Me quedo ahí parado, con las manos temblando y la mandíbula apretada. Ofendido, enfadado. Intento mostrarle mi mejor expresión mientras me dirijo a él.
—No sabes nada. –Él no borra esa expresión prepotente y furiosa—. Te crees muy listo, intuyendo las debilidades de las personas, analizándolas. Pero tu ego no te deja ver más allá de la punta de tu nariz. Hay mucho más aparte de tu gordo y petulante narcisismo. Te crees un genio, un ser brillante, pero tus conversaciones de literatura y música rayan la pedantería. –Sentencio mis palabras agarrando con fuerza los papeles y colocándomelos bajo el brazo. El policía me ve dirigirme hacia la puerta, con lo que este la abre, con un chirrido espeluznante. Mis palabras me han dejado aliviado, pero no lo suficiente. Antes de cruzar la puerta, la voz de Jeon me detiene de nuevo usando mi hombre, esta vez con un tono algo más ameno y sincero. Sinceridad, que gran mentira.
—Yoongi… —Suspira. Yo me vuelvo, como movido por un resorte invisible. De seguro mi rostro muestra la incapacidad que he tenido para negarme a su voz—. Cuando me encerraron, abrieron una investigación y se llevaron mis cosas. Ve a los archivos policiales. Allí podrán dártelas.
—¿Qué? –Le pregunto, atónito.
—Mis cosas. –Repite—. Libros, ropa, cosas de la universidad. Está de seguro todo en cajas en los almacenes de la policía. Mi caso se cerró hace mes y medio. Ve a reclamar mis cosas.
—No soy el chico del correo. –Suspiro, y haciendo un amargo de marcharme él se tensa más en el asiento.

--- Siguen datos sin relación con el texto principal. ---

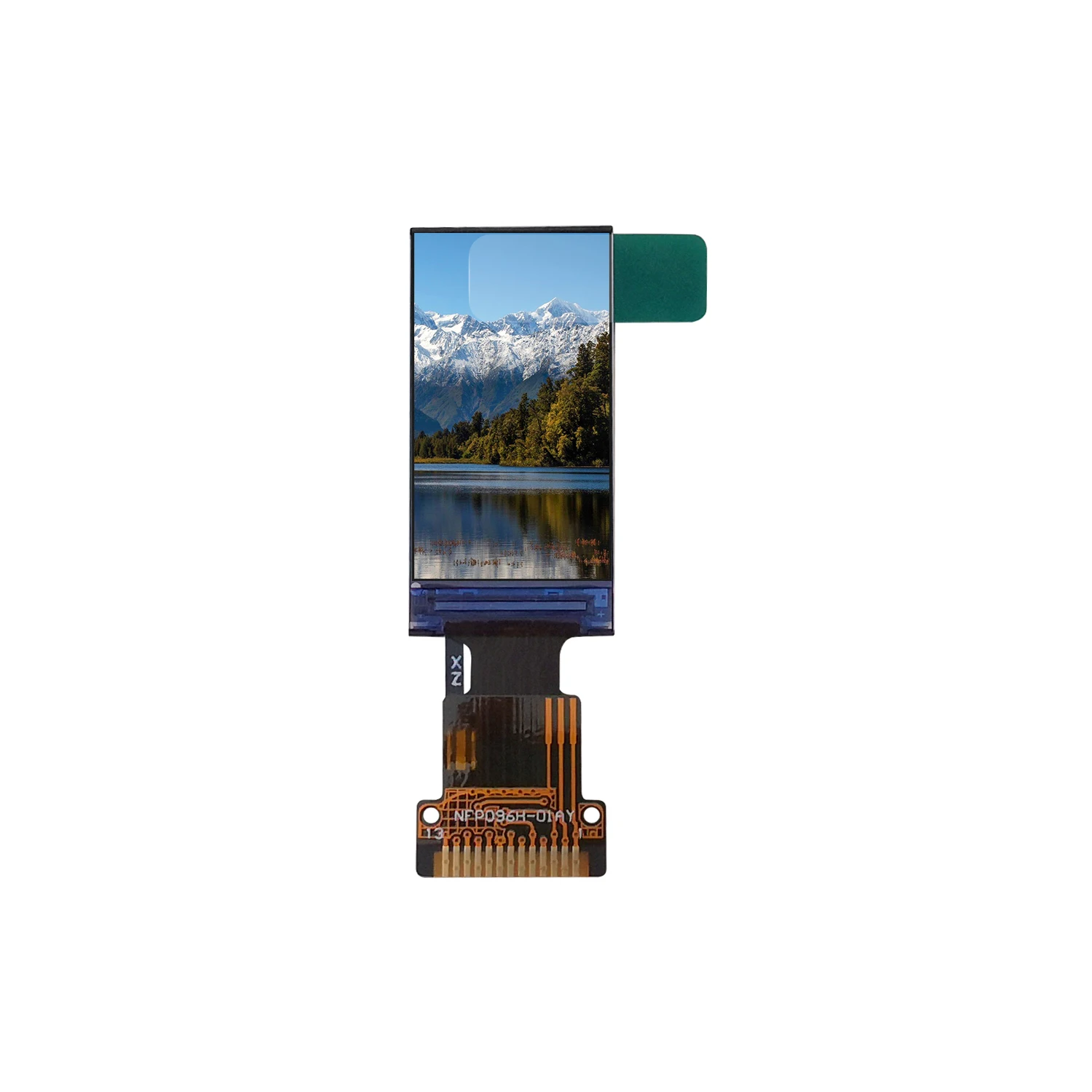 0.96 Inch TFT Display 80*160 Dot-Matrix LCD Module 4line SPI Interface ST7735S Drive IC 13 Pins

—No son para mí. Son para ti. Quiero que las tengas tú. –Yo le miro, atónito.
—¿Yo?
—Claro. No quiero que mis libros y mis apuntes estén en húmedas cajas con moho en algún sótano de la policía. Sabe Dios qué harán esos inútiles funcionarios con mis cosas… —Yo le miro algo aturdido mientras que el policía sujeto a la puerta espera aún porque yo me decida a salir. Los miro a ambos con una expresión algo confusa. Los papeles en mis brazos se retuercen.

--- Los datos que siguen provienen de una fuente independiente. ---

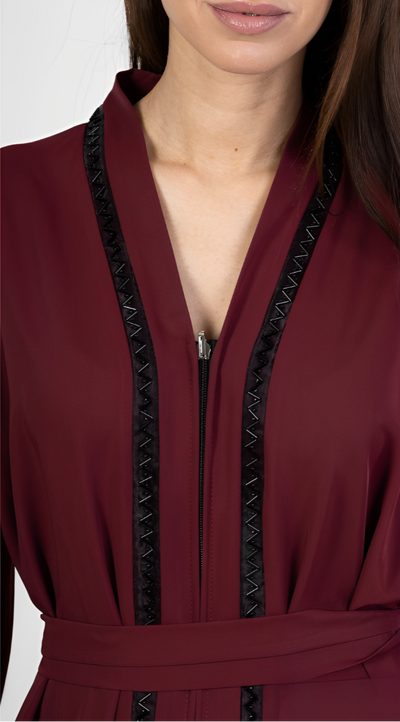 Abaya Éclat de Nuit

—No te prometo nada. –Le digo a lo que él me mira con una expresión indescifrable. En ella puedo apreciar algo cínico como “no tienes nada mejor que hacer” pero al mismo tiempo una verdadera necesidad material por sus pertenencias y por saber que estarán bien. Acabo saliendo de la habitación con la cabeza gacha y soltando un gran suspiro. Antes de que el guardia cierre del todo oigo un lejano “Adiós” casi apagado. Apenas audible. Suficiente como para hacerme sentir culpable por no responder. Camino con expresión digna y altiva lo suficiente como pasar al lado de la ventana pero cuando ya queda atrás puedo comenzar a sujetarme el pecho, consciente de que puede darme un paro cardíaco si seguía allí dentro cinco minutos más.